- Directions for this task -
Exactly as they appear, print the line with "2021 Volkswagen Tiguan 2.0T SEL R-Line Black" and each line after it through the end of the entries below; leave out pictures.

** Opening Listed records block **

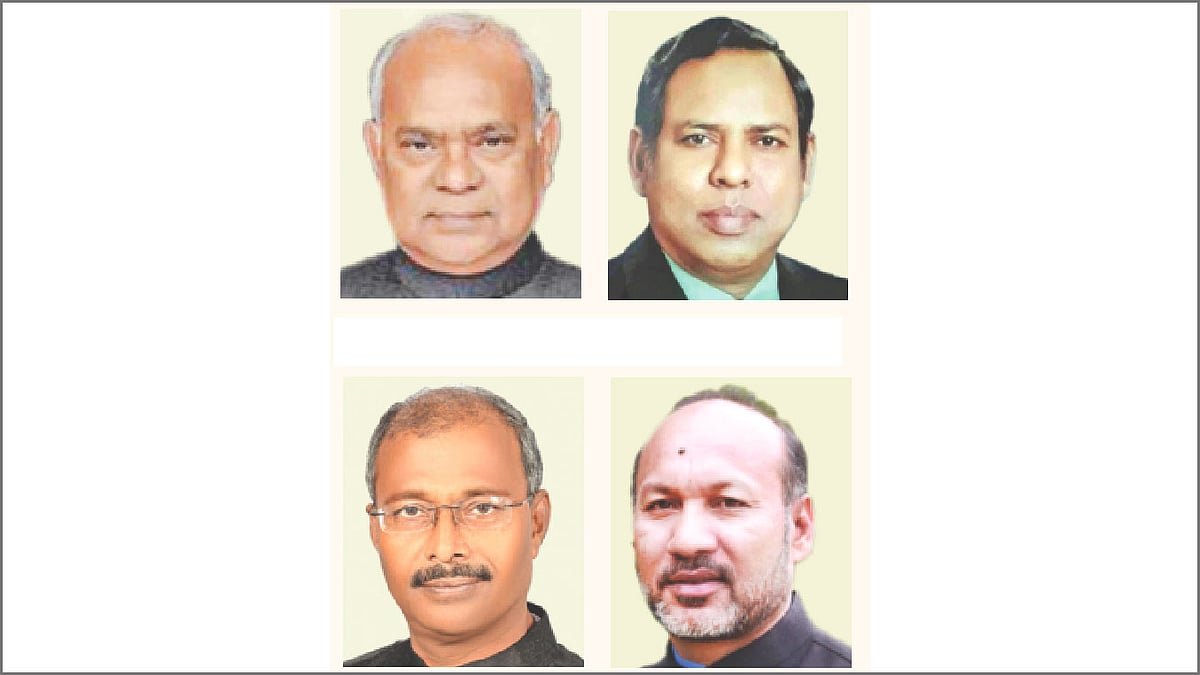 খন্দকার আজিজুল হক , সেলিম রেজা হাবিব, আহম্মেদ ফিরোজ কবির , কামরুজ্জামান খান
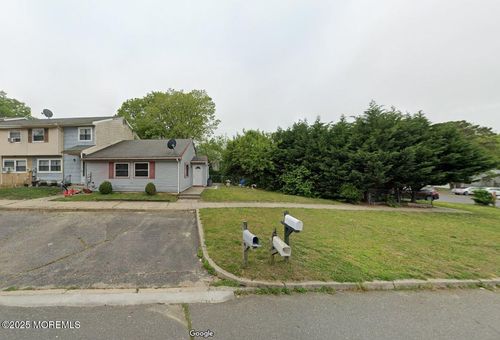 6 Potomac Ct, Barnegat, NJ, 08005-1613 | Card Image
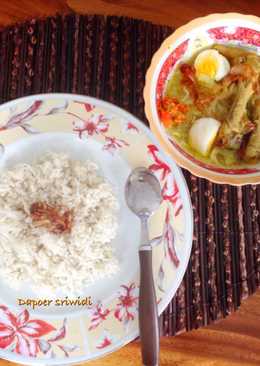 Soto ceker bumbu kemiri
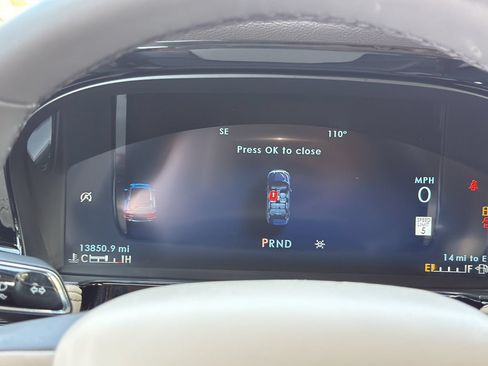 Certified 2024 Lincoln Corsair FWD image 14
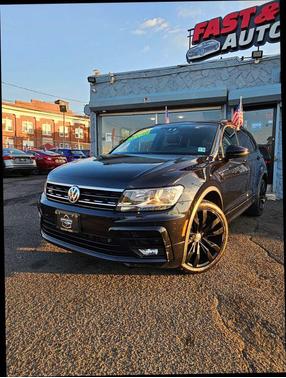 2021 Volkswagen Tiguan 2.0T SEL R-Line Black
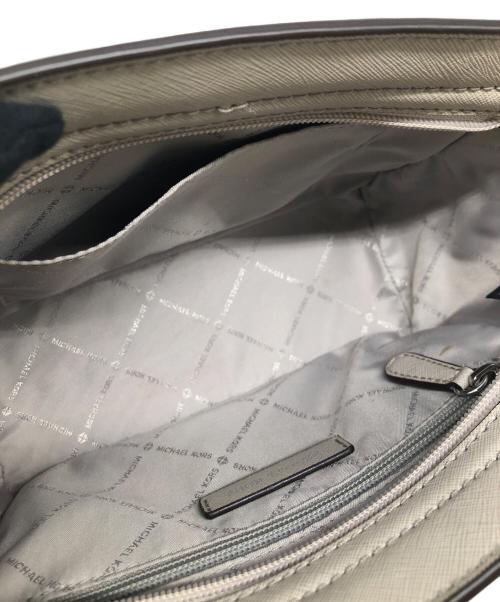 MICHAEL KORS（マイケル・コース）MICHAEL KORS (マイケルコース) ショルダーバッグ グレージュの古着・服飾アイテム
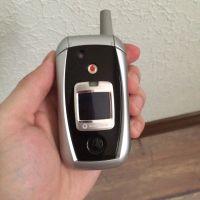 Лот: 6859685. Фото: 3. Легендарная Motorola v980 Vodafone. Красноярск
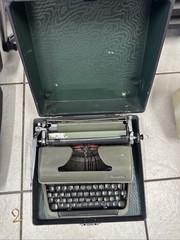 Olympia De Luxe Vtg Green Portable Manual Typewriter w/ Case W. Germany Tested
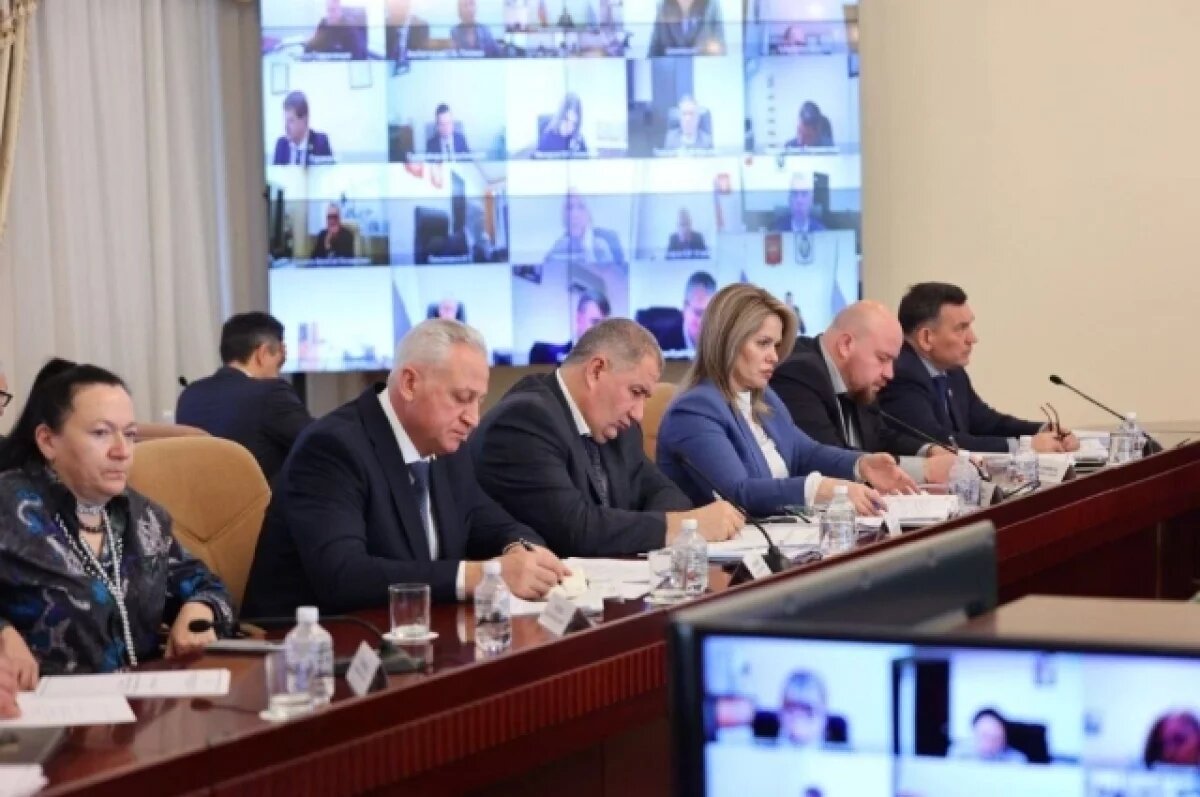    Демешин поручил главам подготовить предприятия ЖКХ к предстоящим заморозкам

** Closing Listed records block **

- Solution -
 2021 Volkswagen Tiguan 2.0T SEL R-Line Black
 MICHAEL KORS（マイケル・コース）MICHAEL KORS (マイケルコース) ショルダーバッグ グレージュの古着・服飾アイテム
 Лот: 6859685. Фото: 3. Легендарная Motorola v980 Vodafone. Красноярск
 Olympia De Luxe Vtg Green Portable Manual Typewriter w/ Case W. Germany Tested
    Демешин поручил главам подготовить предприятия ЖКХ к предстоящим заморозкам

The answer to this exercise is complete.